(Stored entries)

________________________________________

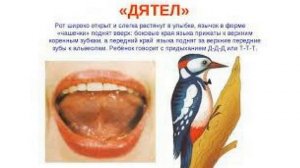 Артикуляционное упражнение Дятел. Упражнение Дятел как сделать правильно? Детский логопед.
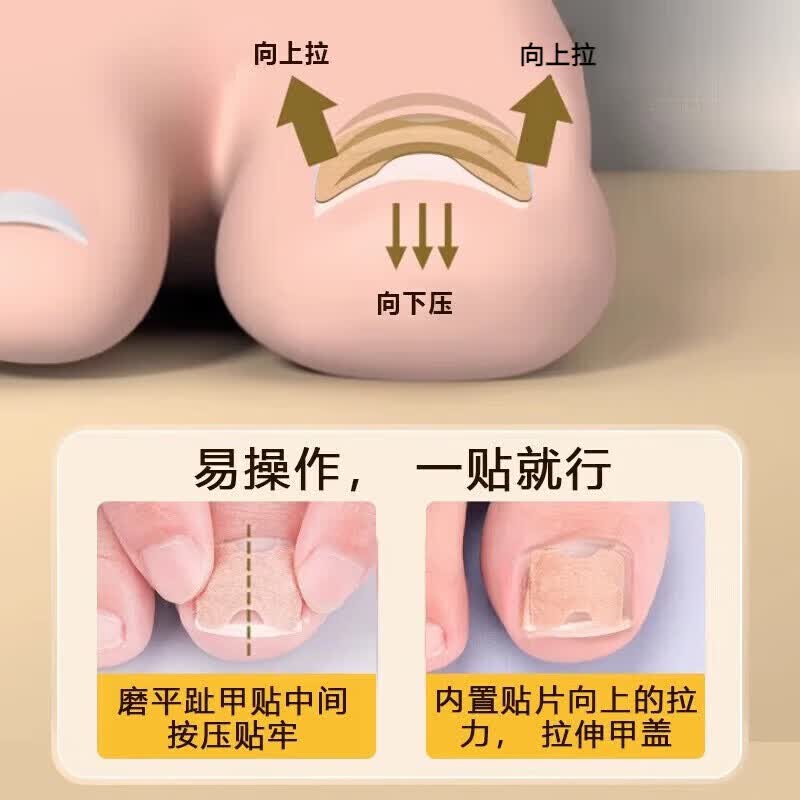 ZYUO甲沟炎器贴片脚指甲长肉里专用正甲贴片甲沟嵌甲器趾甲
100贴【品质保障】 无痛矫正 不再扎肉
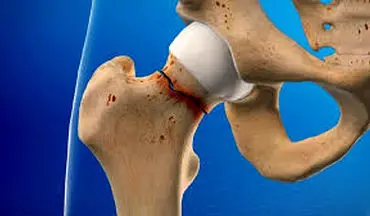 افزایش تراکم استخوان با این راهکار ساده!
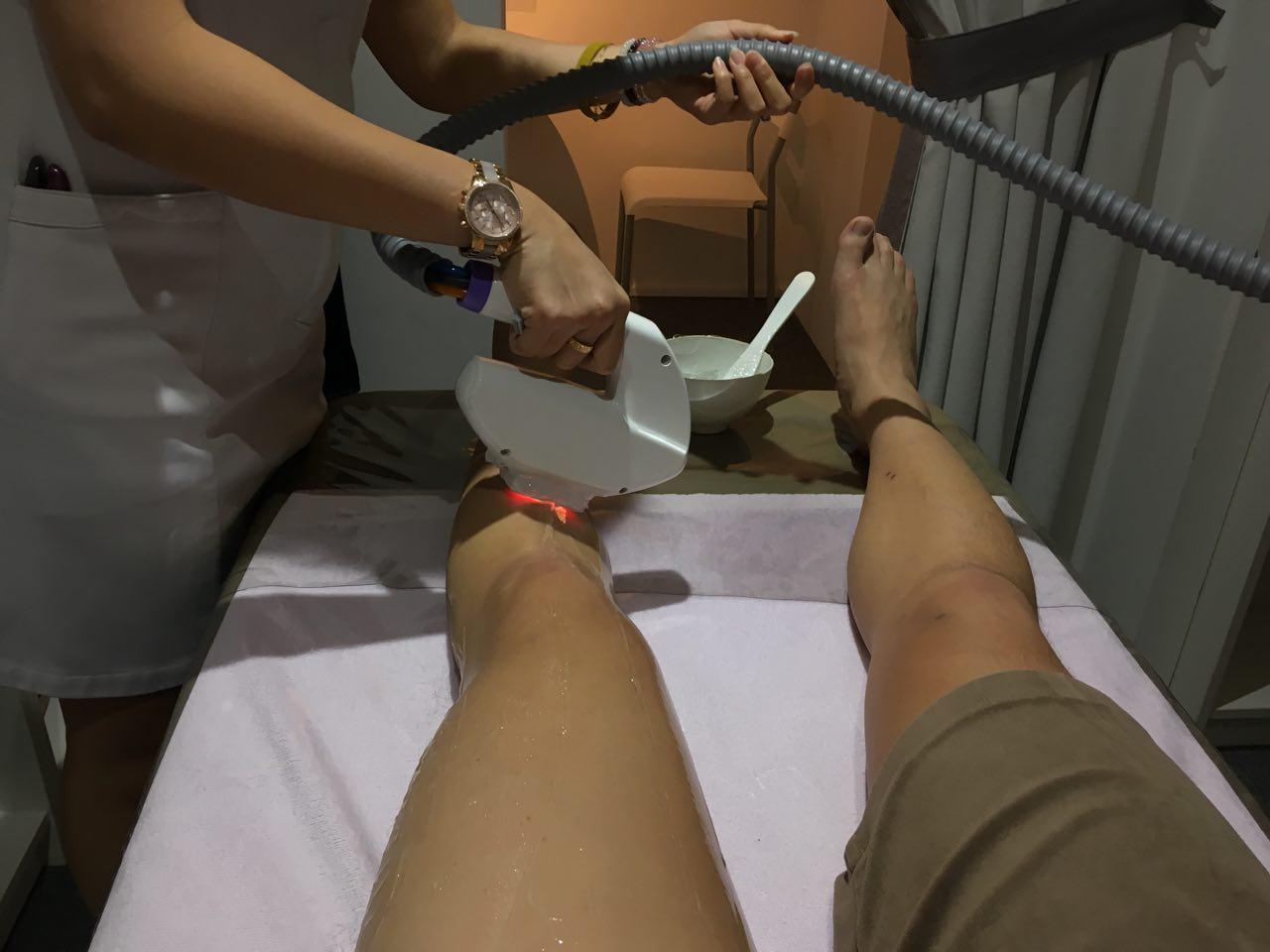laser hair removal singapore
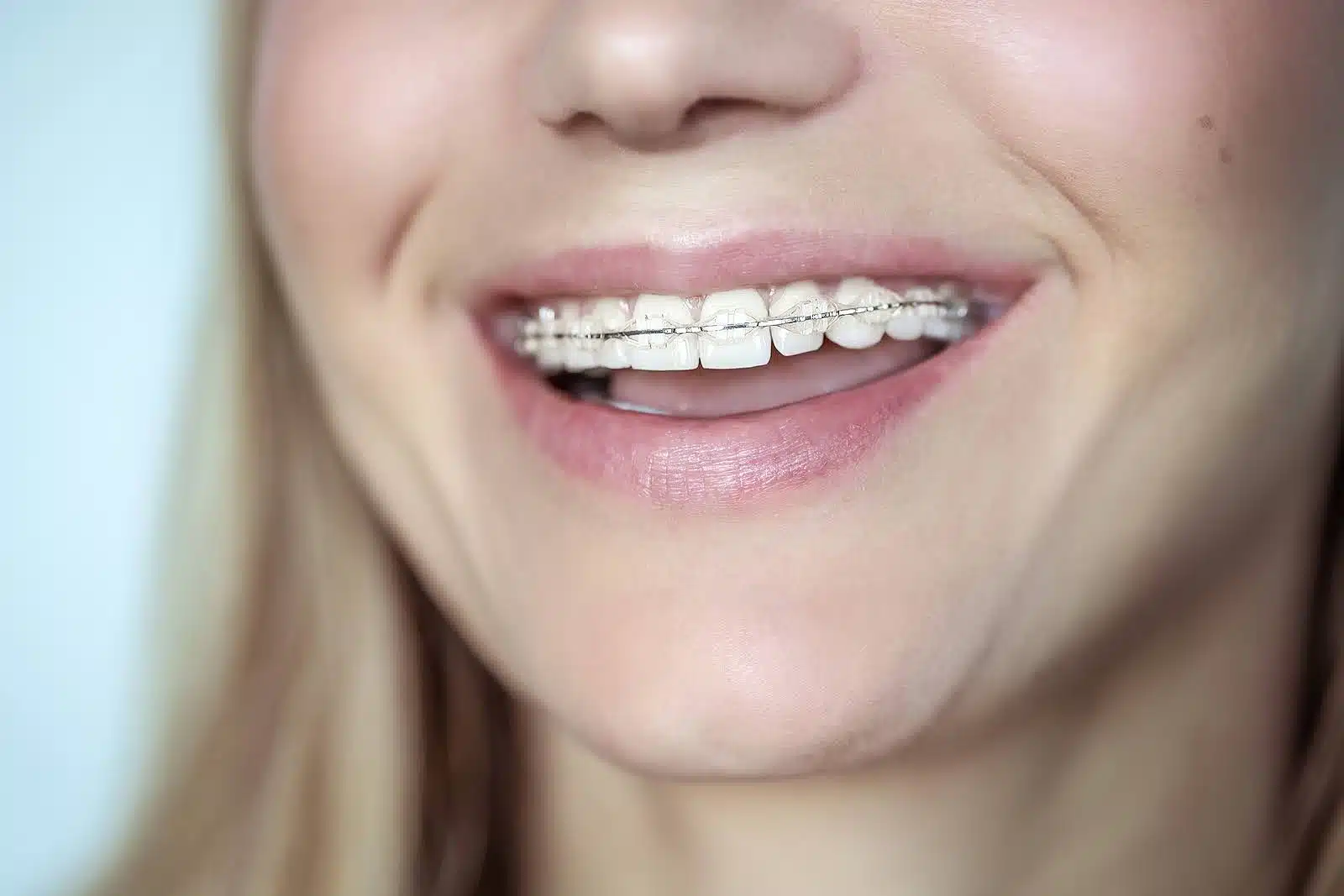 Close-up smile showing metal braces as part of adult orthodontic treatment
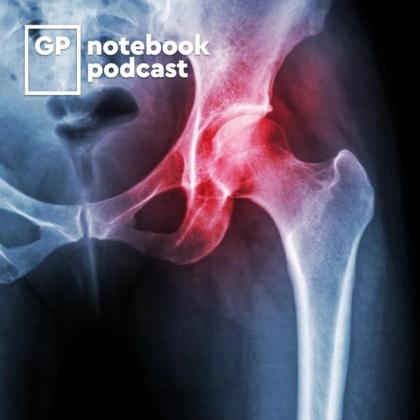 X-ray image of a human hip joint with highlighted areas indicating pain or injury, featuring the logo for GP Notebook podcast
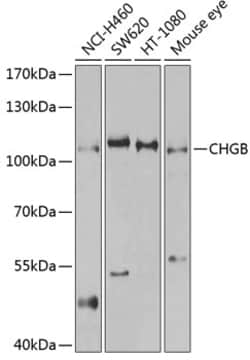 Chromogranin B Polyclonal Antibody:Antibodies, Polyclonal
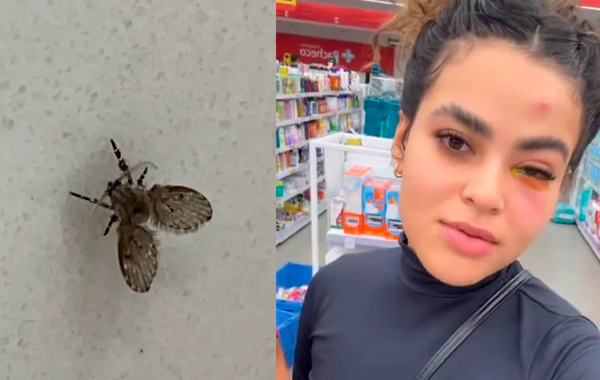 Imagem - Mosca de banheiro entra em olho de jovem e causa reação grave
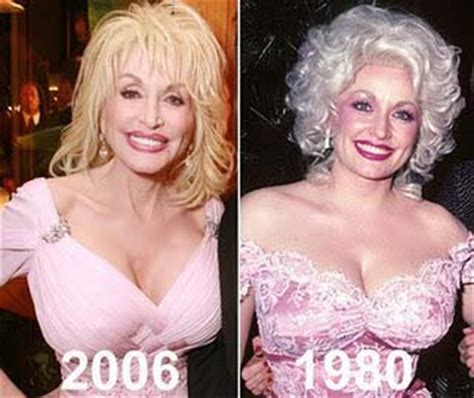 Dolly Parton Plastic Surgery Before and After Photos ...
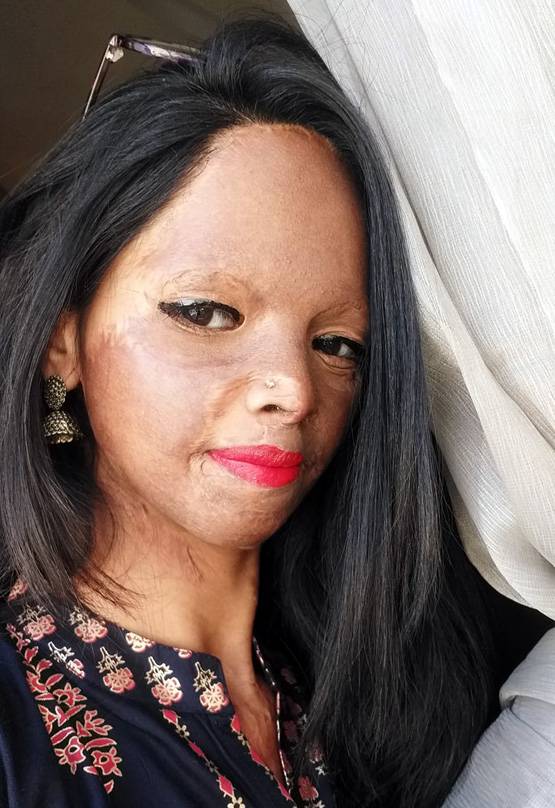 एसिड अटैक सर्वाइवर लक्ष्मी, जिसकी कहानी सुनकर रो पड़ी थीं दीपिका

________________________________________

◆ WORK INSTRUCTION ◆
Output exactly the lines from the line containing "laser hair removal singapore" through the last line of the records, both included, and leave out every picture.

◆ SOLUTION TO THE EXERCISE ◆
laser hair removal singapore
 Close-up smile showing metal braces as part of adult orthodontic treatment
 X-ray image of a human hip joint with highlighted areas indicating pain or injury, featuring the logo for GP Notebook podcast
 Chromogranin B Polyclonal Antibody:Antibodies, Polyclonal
 Imagem - Mosca de banheiro entra em olho de jovem e causa reação grave
 Dolly Parton Plastic Surgery Before and After Photos ...
 एसिड अटैक सर्वाइवर लक्ष्मी, जिसकी कहानी सुनकर रो पड़ी थीं दीपिका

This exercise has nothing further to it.